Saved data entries
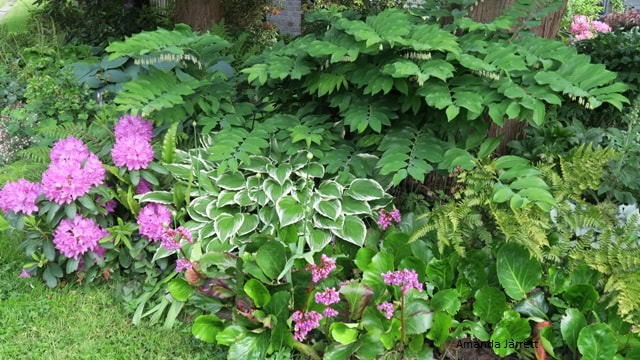 plants for shade,May plant combination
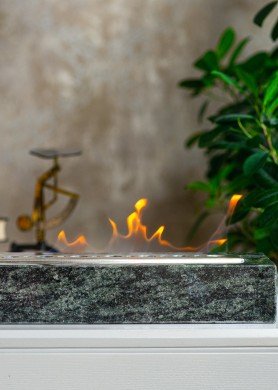 BIOŽIDINYS STONO ŽALIAS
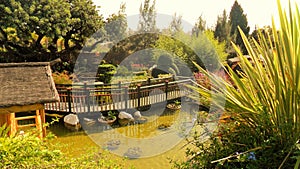 Torremolinos-Botanic Gardens-MOLINO DEL INCA- photo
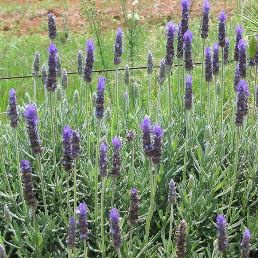 Lavandula dentata - 1Ltr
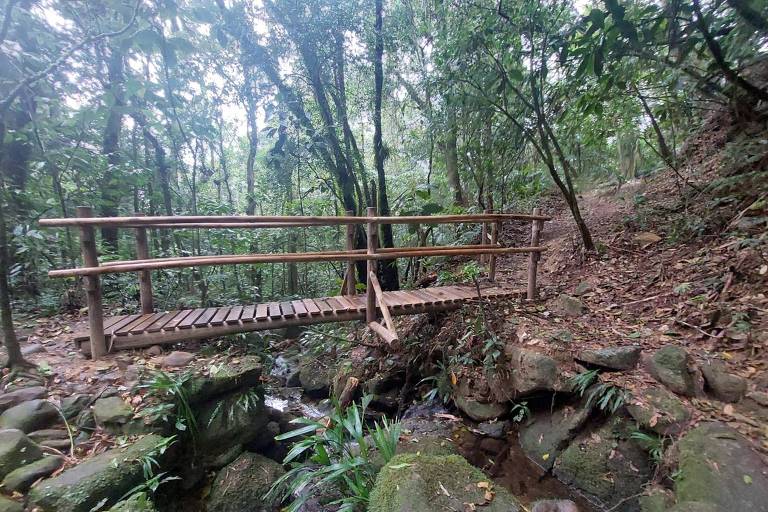 Ponte de madeira sobre curso d039;água em trecho da trilha que leva à Pedra Lisa， no Parque Estadual Serra do Mar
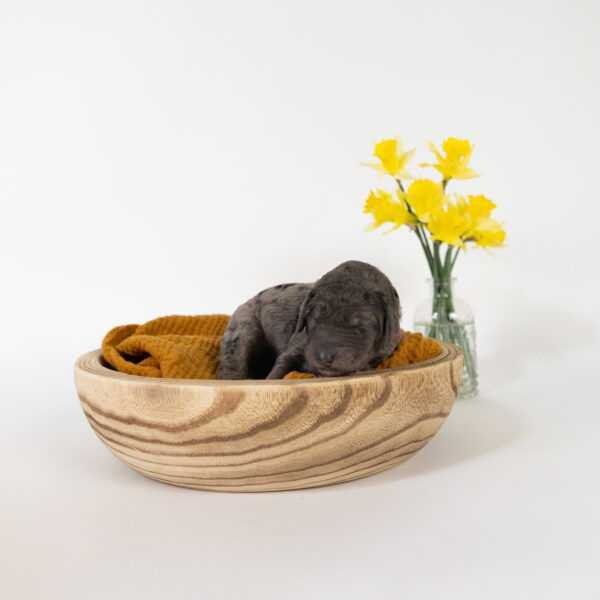 Robin - Image 10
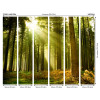 Origin Murals Spruce Forest Mural Evergreen - Medium (300cm x 240cm)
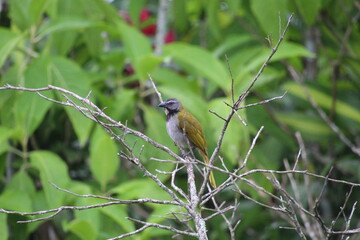 Saltador Gorgianteado
Saltator Maximus
Buff-throated Saltator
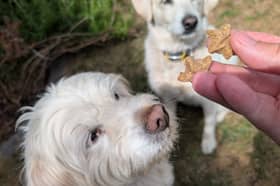 Rupert and Honey eagerly await another Forthglade treat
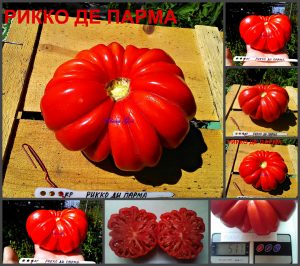 РИККО ДИ ПАРМА (RICCIO DI PARMA) - красный ребристый томат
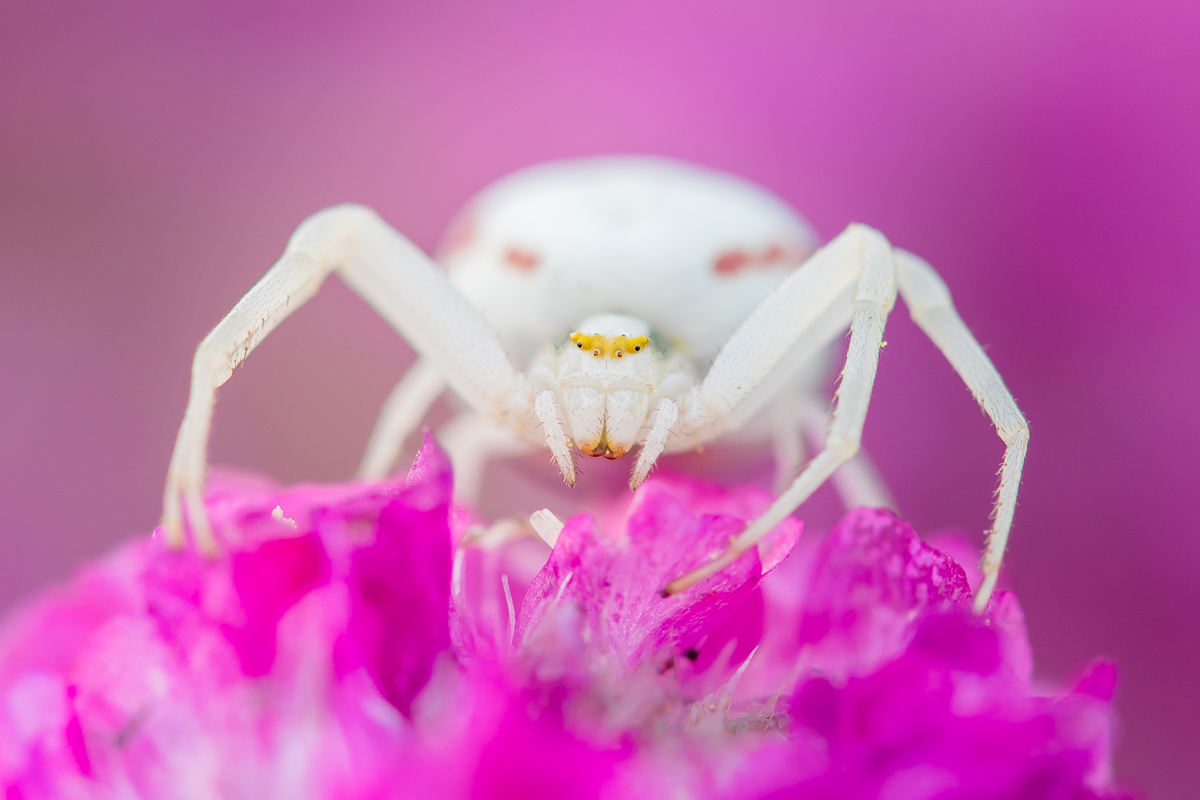 Veränderliche Krabbenspinne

> [Activity] The data above must be given again in full and unaltered, minus its images.

> [Answer below]
 plants for shade,May plant combination
 BIOŽIDINYS STONO ŽALIAS
 Torremolinos-Botanic Gardens-MOLINO DEL INCA- photo
 Lavandula dentata - 1Ltr
 Ponte de madeira sobre curso d039;água em trecho da trilha que leva à Pedra Lisa， no Parque Estadual Serra do Mar
 Robin - Image 10
 Origin Murals Spruce Forest Mural Evergreen - Medium (300cm x 240cm)
 Saltador Gorgianteado
Saltator Maximus
Buff-throated Saltator
 Rupert and Honey eagerly await another Forthglade treat
 РИККО ДИ ПАРМА (RICCIO DI PARMA) - красный ребристый томат
 Veränderliche Krabbenspinne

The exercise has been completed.